Aberdeen scientist in major materials research breakthrough

Scientists working on the development of a new material that could one day be used in the construction of anything from spacecraft to prosthetic limbs have made a major breakthrough in their research.

In a letter published in the journal Nature, scientists including Professor Robert McMeeking from the University of Aberdeen have proved that the new ‘metamaterial’ – a lightweight, solid foam known as Isomax™ – is the world’s first to achieve the performance first proved by theory over 40 years ago.

Metamaterials are engineered to have properties not found in nature, and put together using multiple elements fashioned from materials such as metals or plastics.

The majority of the research on Isomax has taken place at the University of California Santa Barbara (UCSB), where Professor McMeeking - who specialises in materials and mechanical engineering - is based for much of the year.

Working alongside materials scientists Jonathan Berger from UCSB and Haydn N.G. Wadley from the University of Virginia, Professor McMeeking provided the calculations that helped prove the potentially revolutionary qualities of Isomax in material design.

Explaining the significance of the breakthrough, he said: “In short, we have made it possible to produce a lightweight material with the highest stiffness possible by making a cellular system. 

“There are lots of applications in engineering where one wants to fill space with a low density, lightweight material that is also stiff, for example, load bearing components in aircraft, drones and spacecraft. 

“Our design provides us with a material that has the highest possible stiffness for the lowest possible weight, and for less cost than rival materials which gives it a better chance of widespread use.”

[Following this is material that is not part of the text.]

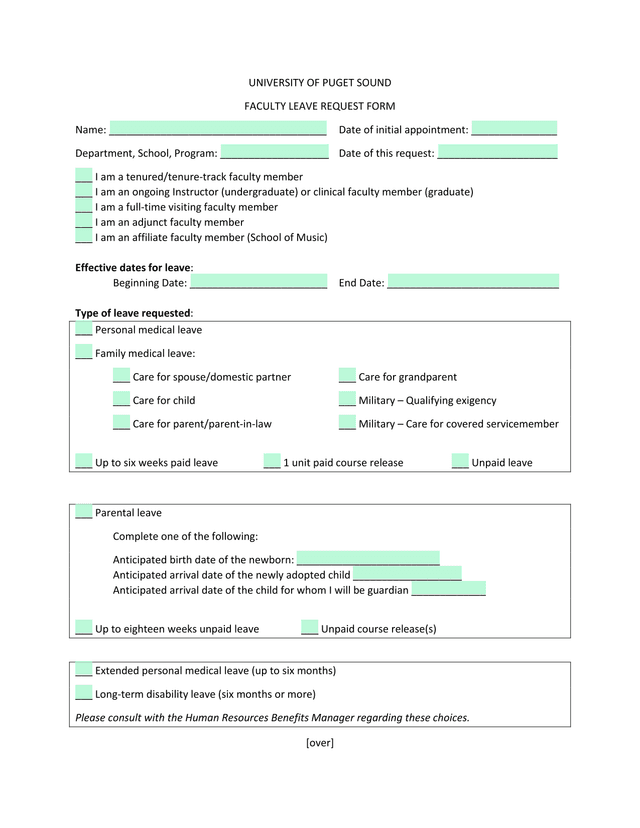 UNIVERSITY OF PUGET SOUND FACULTY LEAVE REQUEST FORM screenshot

Professor McMeeking said that the development of the material has been well timed - as resources become more limited and concern for energy efficiency grows, Isomax would require fewer resources to produce and less fuel to transport.

And from a personal perspective, he said that the eventual production could one day rank as the highlight of his career.

“One of the most satisfying things about this breakthrough is that the theorem telling us the stiffness of the optimal design is was proved in the 60s, but up to now no-one has produced a design that achieves this,” he said.

“We have found that optimal design and we also know that it cannot be bettered.”